[What is needed]
Begin at the line holding "And that's about" and set down exactly each line through the last one below, omitting pictures. Include nothing else.

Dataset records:
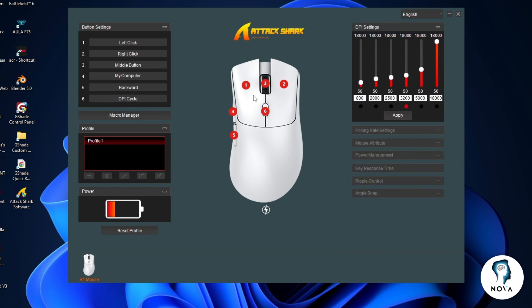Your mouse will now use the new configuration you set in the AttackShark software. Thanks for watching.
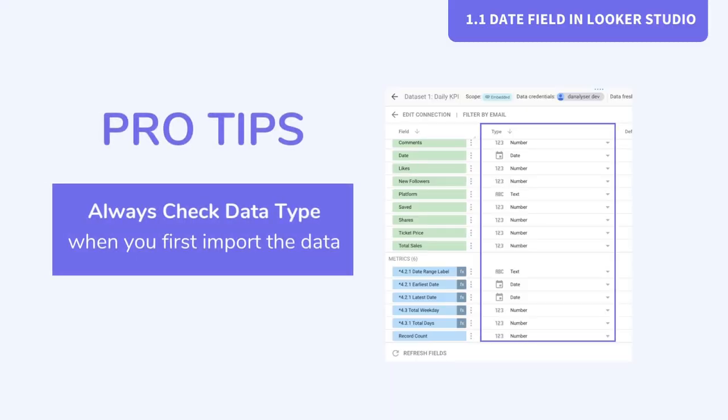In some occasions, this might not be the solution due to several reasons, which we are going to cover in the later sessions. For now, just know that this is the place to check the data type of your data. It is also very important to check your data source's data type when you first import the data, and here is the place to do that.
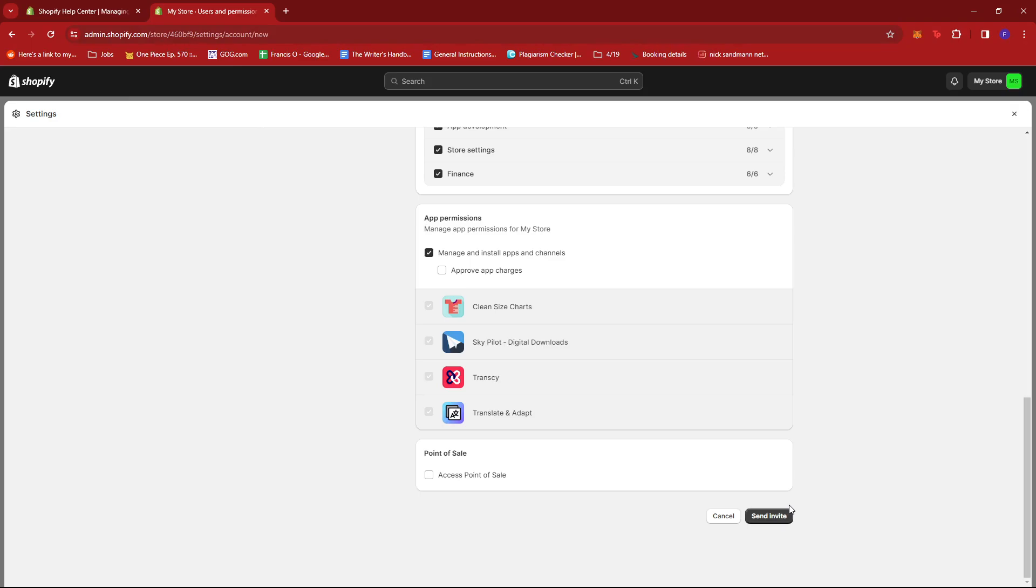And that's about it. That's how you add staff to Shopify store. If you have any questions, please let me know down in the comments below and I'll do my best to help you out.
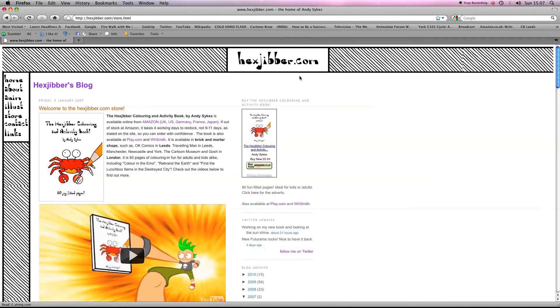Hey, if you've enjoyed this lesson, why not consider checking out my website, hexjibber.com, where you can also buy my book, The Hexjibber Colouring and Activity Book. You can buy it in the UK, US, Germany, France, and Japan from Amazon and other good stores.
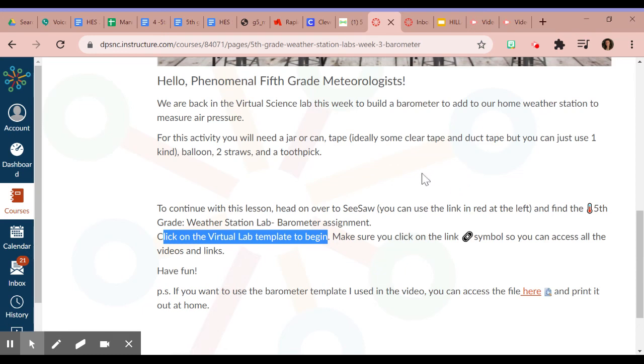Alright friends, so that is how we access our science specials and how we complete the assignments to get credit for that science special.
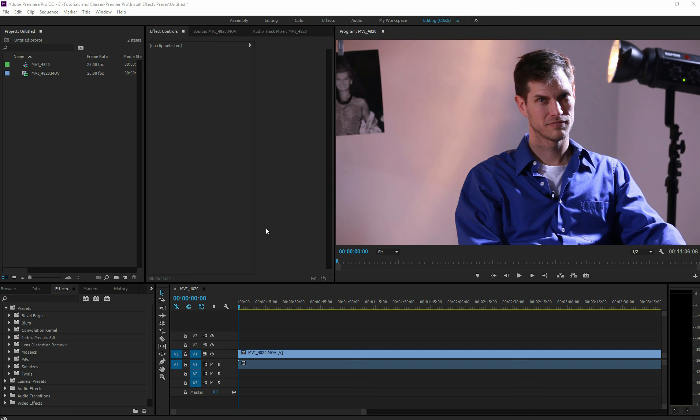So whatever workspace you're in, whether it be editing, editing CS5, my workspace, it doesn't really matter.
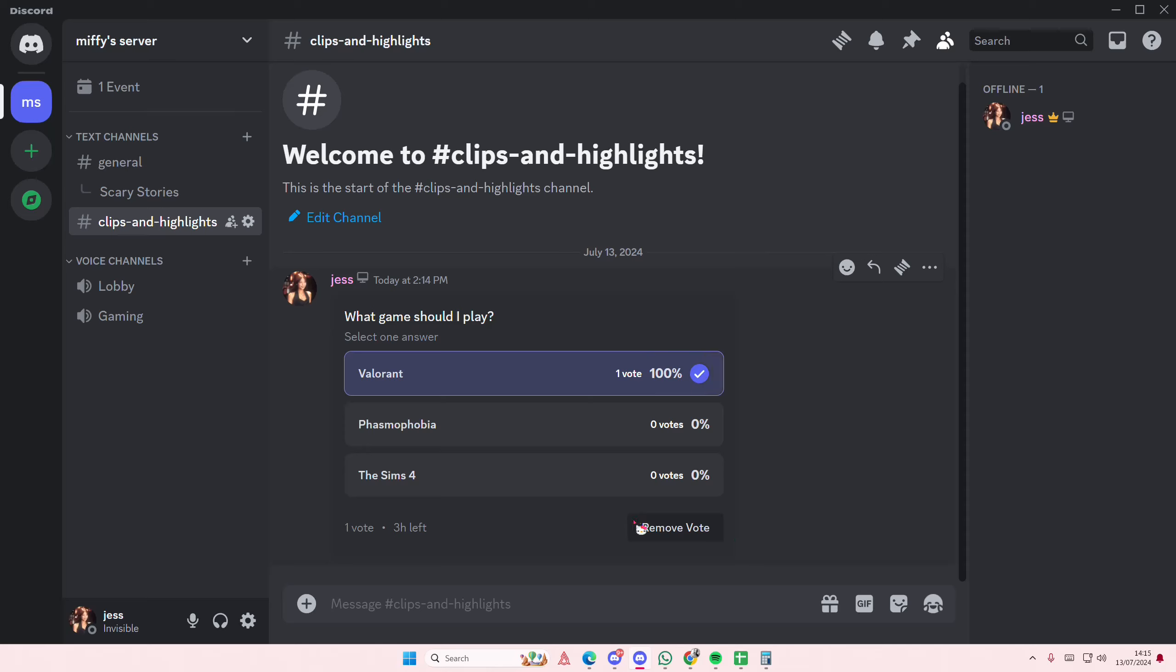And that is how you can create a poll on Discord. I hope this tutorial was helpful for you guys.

[Answer box]
And that's about it. That's how you add staff to Shopify store. If you have any questions, please let me know down in the comments below and I'll do my best to help you out.
Hey, if you've enjoyed this lesson, why not consider checking out my website, hexjibber.com, where you can also buy my book, The Hexjibber Colouring and Activity Book. You can buy it in the UK, US, Germany, France, and Japan from Amazon and other good stores.
Alright friends, so that is how we access our science specials and how we complete the assignments to get credit for that science special.
So whatever workspace you're in, whether it be editing, editing CS5, my workspace, it doesn't really matter.
And that is how you can create a poll on Discord. I hope this tutorial was helpful for you guys.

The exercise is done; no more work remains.